After the Change his father returned shocked when he read his file and he stood for a long time in the room, smoking, near the old radio that they sill kept there. It was not listened to for long, near it a new stereo has taken proudly its place, but they kept it – as a monument, or as a memory – they didn’t know… At last the old man reached out for his son, who moved his eyes away from the computer and saw his father speaking excitedly:
‘Pancho was really an agent of national security but he had been having them on… he wrote about me that I am… let me remember the exact words! Ah, here it is: ‘completely devoted to the communist ideas’ The damned Pancho! I hated him so and despised him so…’
His mother dropped his knitting and clapped her hands:
‘Didn’t I tell you the good people are those who decide our destiny!’ she put down her glasses and wiped her tears.

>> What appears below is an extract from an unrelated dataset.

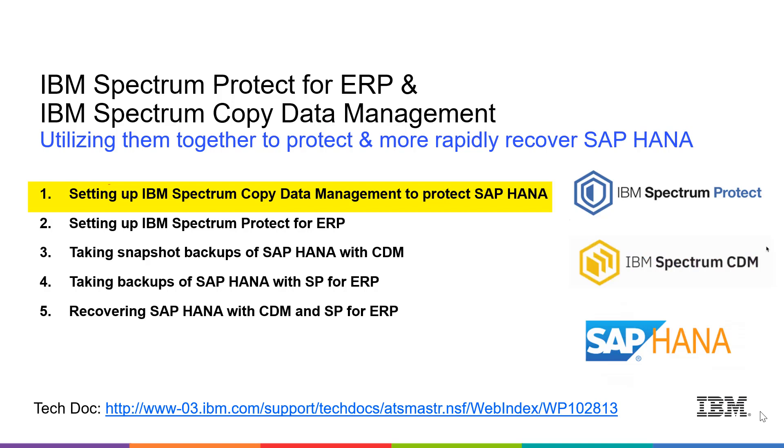I'm going to be going through these five videos, which generally follow the tech doc listed here at the bottom. So we're going to get started on setting up IBM Spectrum Copy Data Management to protect SAP HANA.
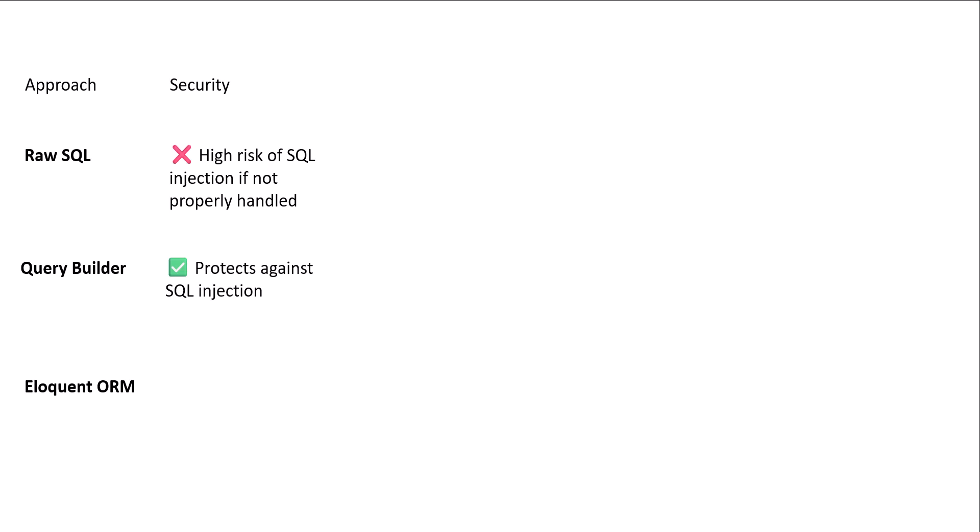For query builder, it protects us against SQL injection and same for eloquent ORM. So, for the security point of view, raw SQL has minimum security because of SQL injection.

He was watching the two old people, smiling slightly: it had started all over again.
‘Blah-blah!’ his father burst out ‘If you only knew what informers we had!’
‘They must have been weak…’ the old woman shook her head stubbornly, just like she did in all those years and stole a glance towards the icon of Virgin Mary, as f searching for some support from her again. ‘God, he knows his work!’
‘You and your God! Why don’t you quit it!’ the father wheezed and started coughing.
The priest Sava had long ago moved to another world where there were no tanks chasing helpless Czechs and he couldn’t enter, as before, and say: ‘Don’t be blasphemous, Costa!’ to turn to his mother and bless her: ‘And you pray, Catherina, just keep praying! God helps all – Czechs, Bulgarians even the miserable Russians because they are only a passing weapon in the hands of Satan.’
The village had vanished. There were only a hundred of old people left. And though it looked seclude, as it had been once, life was boiling in it, because now he heard astounded his father’s voice:
’You could be right, you could…’ and, immediately after, the shrewish remark: ‘But not that much, because just like in 1968 when the West did not help the Czechs, we are perishing now in a new slavery, of our own kind!’
‘God!..’ started the mother.
The son, the former boy stood up and silently walked out of the room.
He had already learned life’s alphabet from those very people and it all had started in the summer months of that prominent 1968, when several Bulgarians in a godforsaken village tried feverishly to work out the hypocrisy and magnitude of history.
And they led, at those times, as well as nowadays, though humble, still a life worth of remembrance.